Guilty by Suspicion was released by Warner Bros. on March 15, 1991. The film received positive reviews from critics but underperformed at the box office, grossing $9.48 million against a $13 million budget. The film was entered into the 1991 Cannes Film Festival.

==Plot==
David Merrill, a successful director in 1950s Hollywood, returns from film-location scouting abroad to find that a rising tide of McCarthyism and the Red Scare is creating havoc among his colleagues in the film industry.

His friend Larry Nolan is forced to name to the FBI and Congressional Oversight Committee the many people in Hollywood who are potentially associated with the communist movement. Nolan names several friends and colleagues such as Merrill as collaborators. Although most of them have tangential relations to the actual United States Communist Party, Washington, D.C., forces Hollywood executives such as mogul Darryl Zanuck to convince his directors and support staff to disavow communism, agree to perjure themselves in congressional hearings, and name other Hollywood influencers as communist agents.

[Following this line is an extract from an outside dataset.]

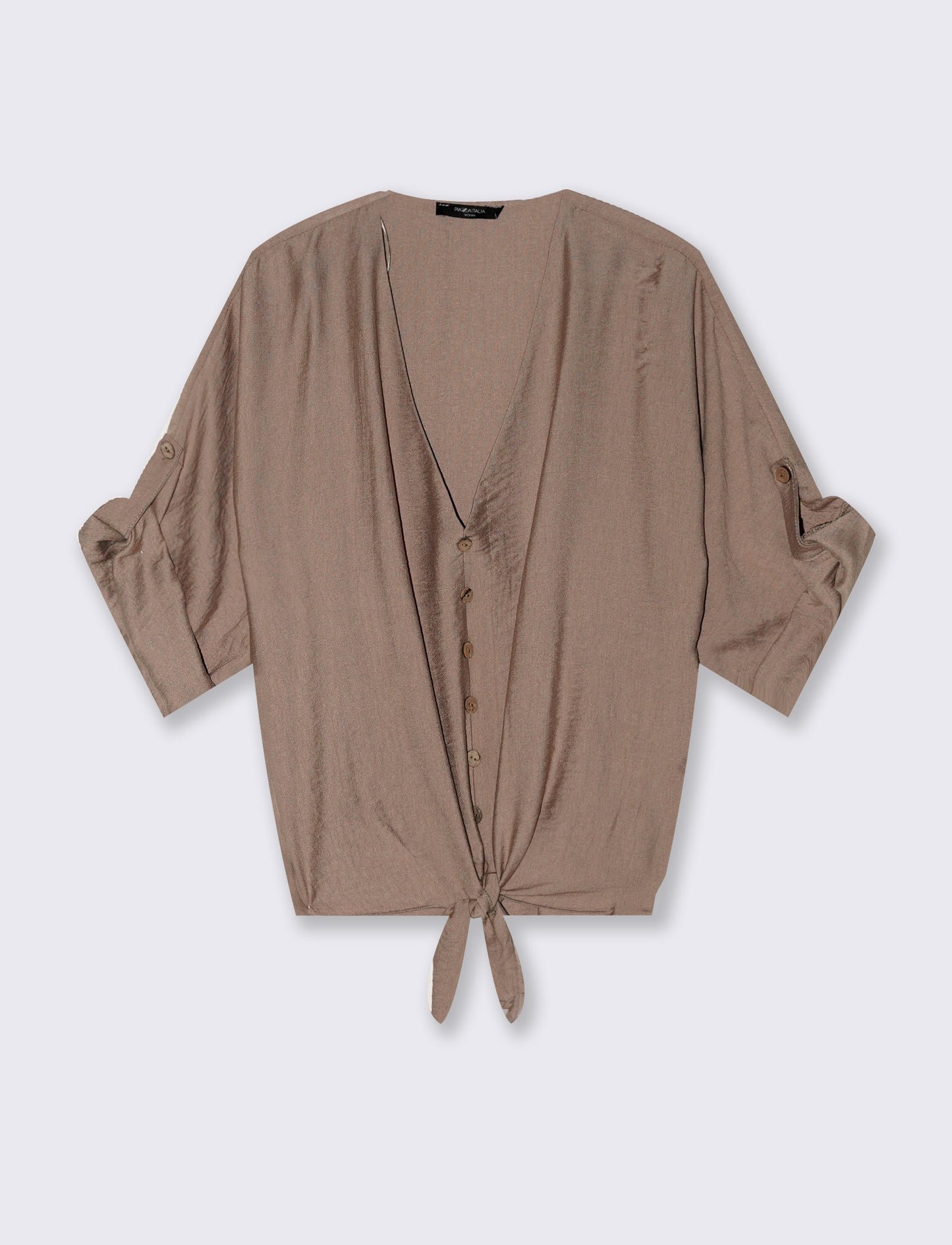 Shirt with bow on the hem - Grey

Merrill is asked by Hollywood legal consultant Felix Graff to cooperate with FBI agents to cite four names, including screenwriter and childhood friend Bunny Baxter, as communists to Congress. If not, he will not be allowed to work again in the film industry. By refusing, Merrill is blacklisted from Hollywood and quickly loses his assets. Unable to pay alimony to his ex-wife Ruth and son, Merrill tries his luck across the country in New York City. He is initially well received by past colleagues, but is eventually convinced by FBI agents and Merrill's friends on Broadway to abandon him as well.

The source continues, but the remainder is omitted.